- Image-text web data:
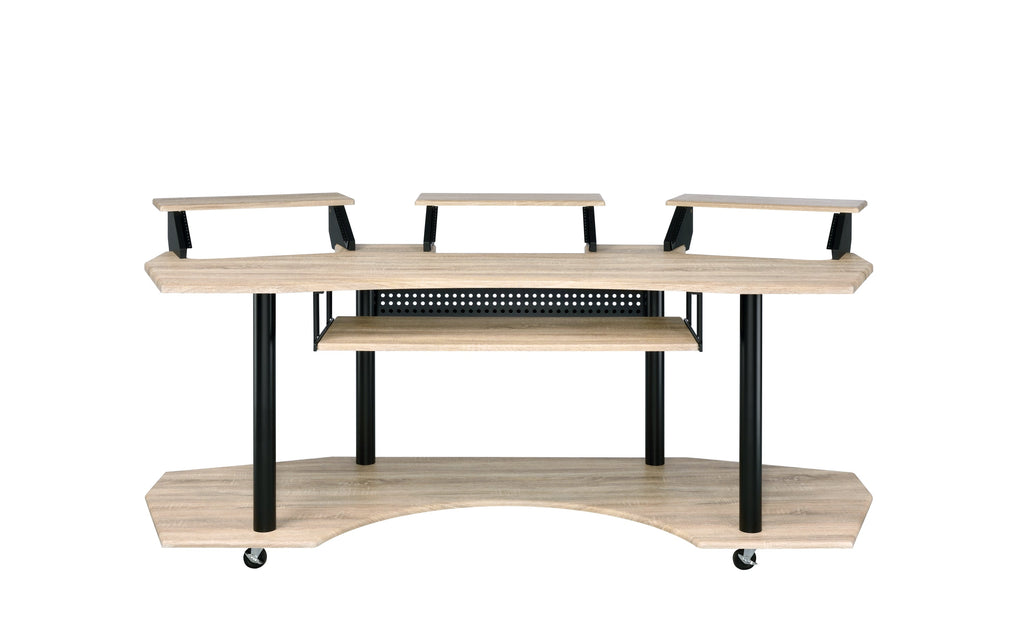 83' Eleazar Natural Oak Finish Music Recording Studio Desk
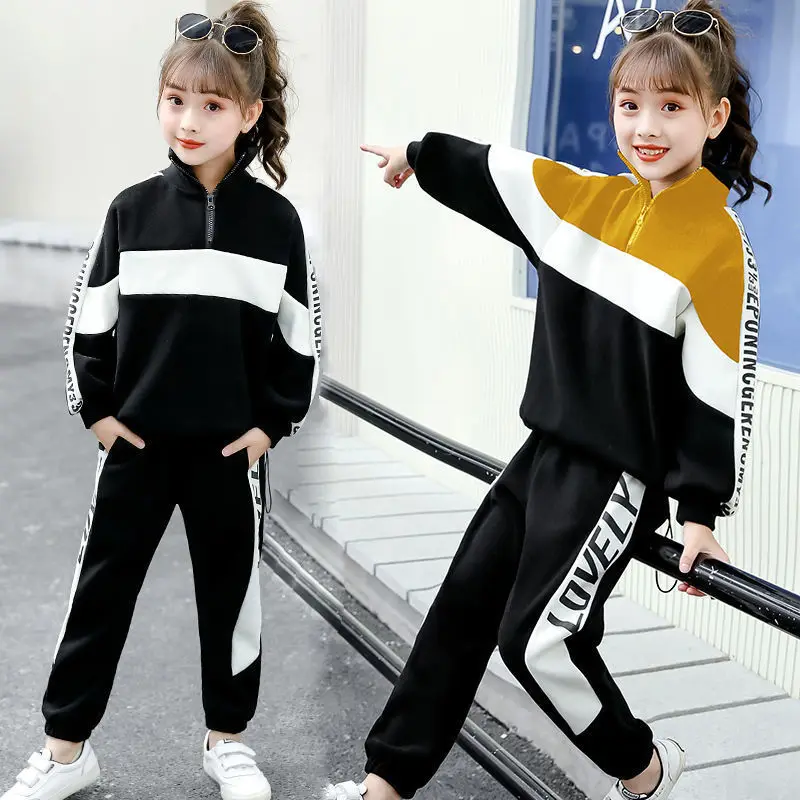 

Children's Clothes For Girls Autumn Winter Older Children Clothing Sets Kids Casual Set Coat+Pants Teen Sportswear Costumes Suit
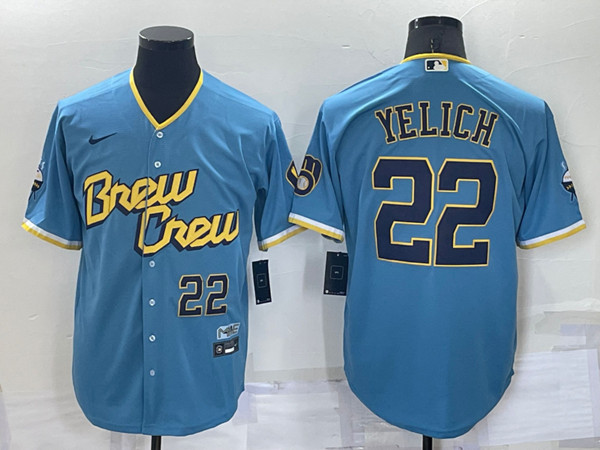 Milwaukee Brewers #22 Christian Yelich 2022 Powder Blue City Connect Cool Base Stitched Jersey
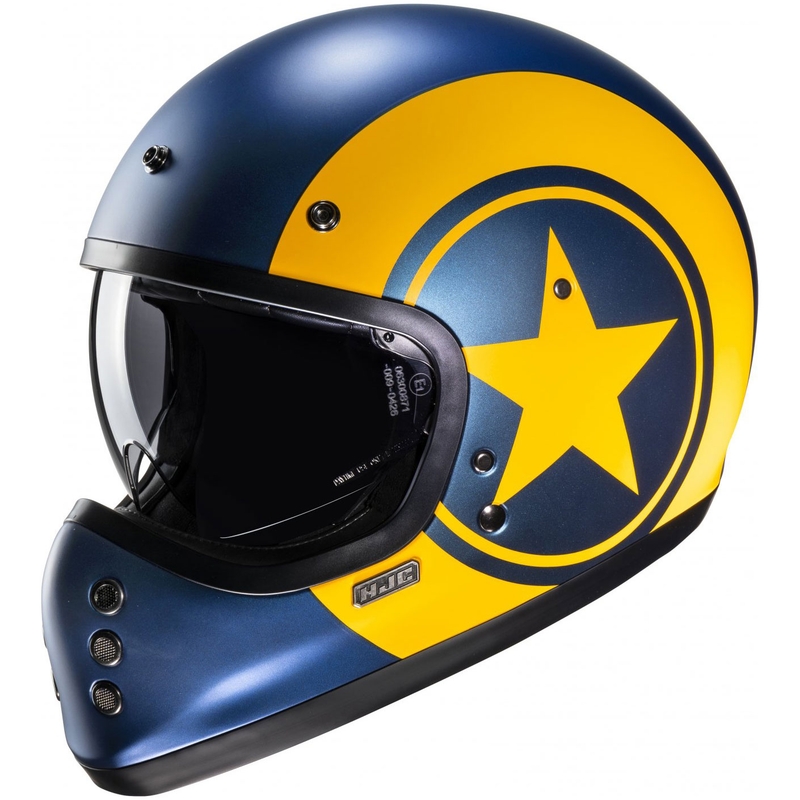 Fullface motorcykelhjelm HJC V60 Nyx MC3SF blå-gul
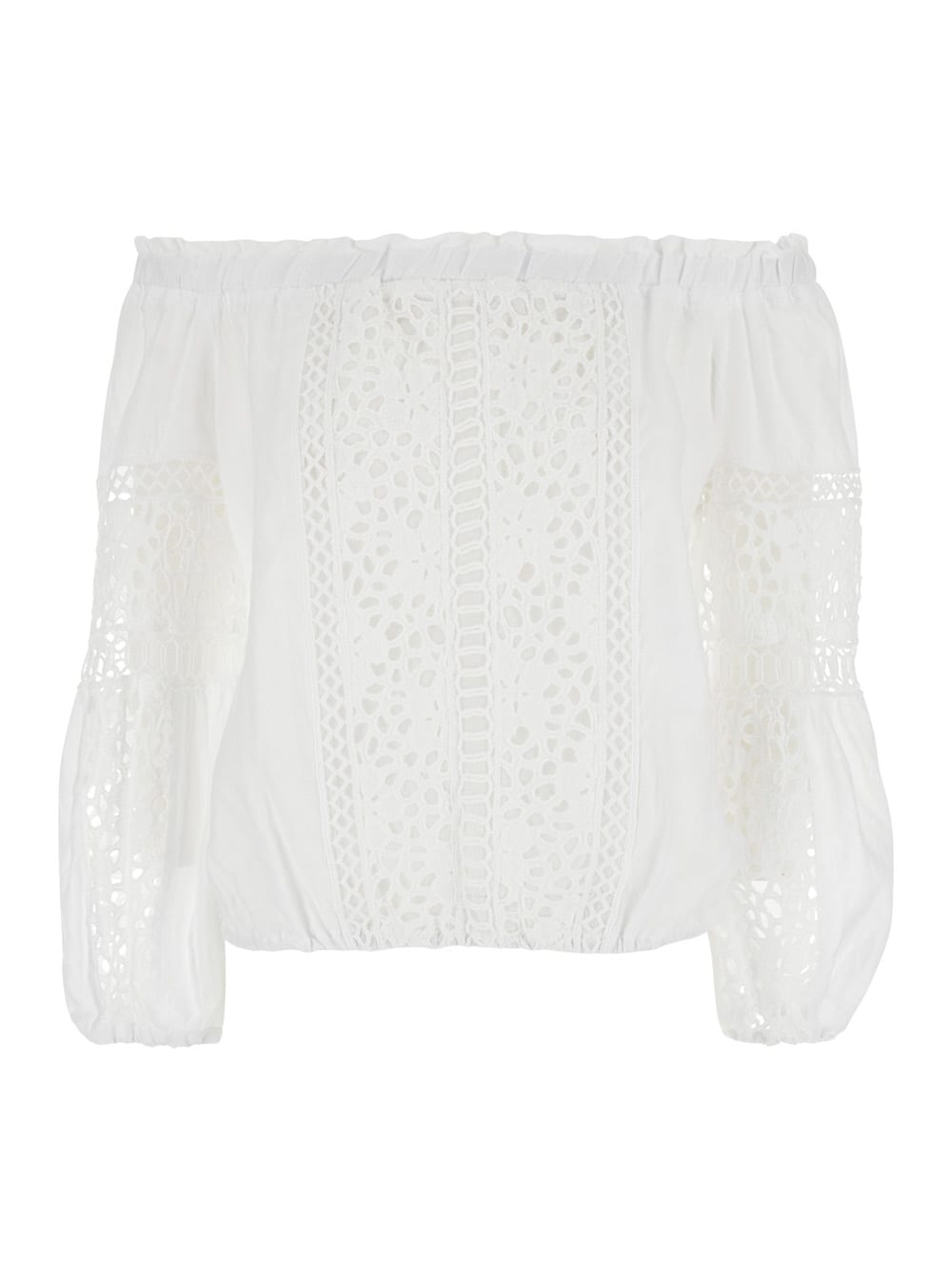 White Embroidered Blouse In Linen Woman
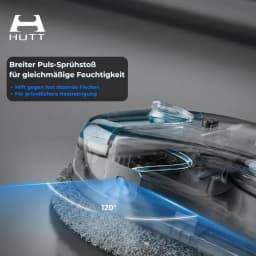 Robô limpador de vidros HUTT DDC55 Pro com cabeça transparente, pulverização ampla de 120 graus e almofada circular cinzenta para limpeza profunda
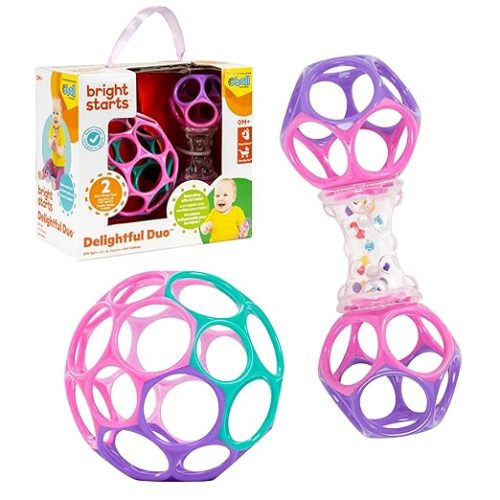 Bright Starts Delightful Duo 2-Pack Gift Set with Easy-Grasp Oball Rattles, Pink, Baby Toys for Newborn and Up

- PROBLEM TO SOLVE:
Leave the images out and transcribe the remaining data above word for word.

- RESULT BELOW:
 83' Eleazar Natural Oak Finish Music Recording Studio Desk

Children's Clothes For Girls Autumn Winter Older Children Clothing Sets Kids Casual Set Coat+Pants Teen Sportswear Costumes Suit
 Milwaukee Brewers #22 Christian Yelich 2022 Powder Blue City Connect Cool Base Stitched Jersey
 Fullface motorcykelhjelm HJC V60 Nyx MC3SF blå-gul
 White Embroidered Blouse In Linen Woman
 Robô limpador de vidros HUTT DDC55 Pro com cabeça transparente, pulverização ampla de 120 graus e almofada circular cinzenta para limpeza profunda
 Bright Starts Delightful Duo 2-Pack Gift Set with Easy-Grasp Oball Rattles, Pink, Baby Toys for Newborn and Up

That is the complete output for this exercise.